Muy bella. Pensaba si en Manizales abundaba tanto la inteligencia, o se notaba mucho en la pequeña aldea de entonces. Mis amigos todavía se asustan cuando les digo que en los sesenta la mejor página de opinión la tenía La Patria. Un montón de señores mucho más viejos que nosotros, godos, pero algunos proustianos, cultos y con unas prosas muy inteligentes las más de las veces. Recuerdo también esa tristeza del diablo que andaba junto a Fernando Mejía y Mejía. Y que a Baudilio Montoya me lo presentaron como diez mil veces, como una figura de museo, que nunca se acordaba de haberme visto. Eduardo Escobar (nadaísta), San Francisco (Cundinamarca).
Tu recordación aparece tan vívida con el ropaje de tu castiza prosa, que hasta yo (¡ay de mí!) siento nostalgia de lo vivido por ti. Iván de J. Guzmán López, Medellín.

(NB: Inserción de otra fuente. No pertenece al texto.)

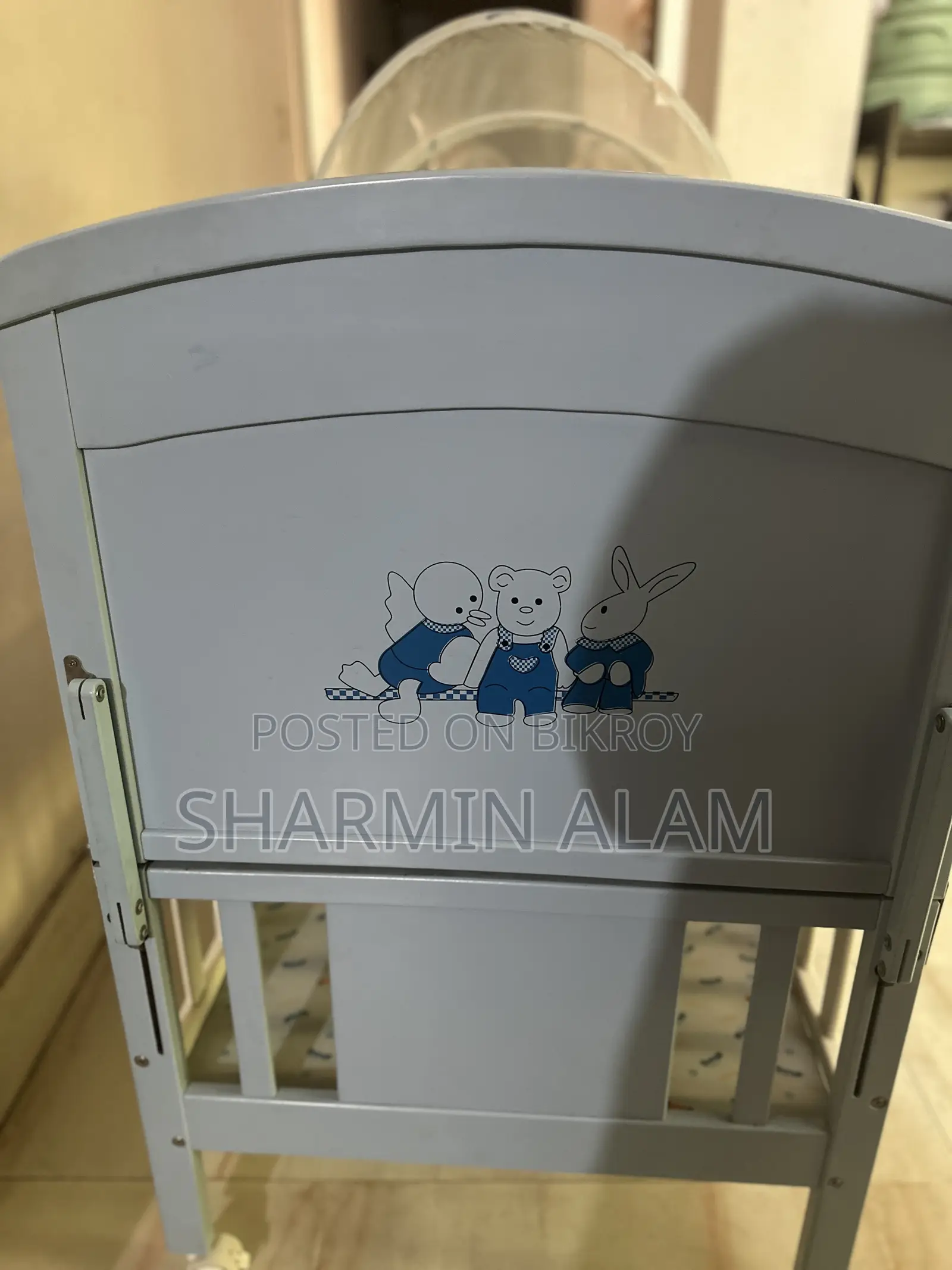 Baby Cot Swing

Excelente recordatorio. A muchos de los caldenses los leía yo en La Patria, que compraba en una esquina exclusiva de Bogotá donde llegaba con interrupciones. Haber vivido 38 años en la capital me privó de estar más cerca de la cruzada literaria de los caldenses, que agrupaba a los de Pereira y Armenia. Además, me picaba el gusanillo de la política y aquellos menesteres poéticos estaban lejos, excepto cuando Otto me actualizaba en las tertulias de Oma, en la calle 82, con alguna noticia de la comarca. Jaime Lopera Gutiérrez, Armenia.
Ese era Cocherín, de quien también fui su amigo y su blanco. Carlos Arboleda González, Manizales.
Me hiciste sentir como si te estuviera escuchando en una grata tertulia. ¡Qué interesantes todos tus comentarios! Desde los trágicos hasta los picarescos, como el ingenioso robo de tus 23 ejemplares, como para abrir bien los ojos. Sigue produciendo y participándonos de esa riqueza a tus amigos, no pares nunca porque se acabaría un filón de los que quedan pocos en la literatura. Mercedes Medina, Bogotá.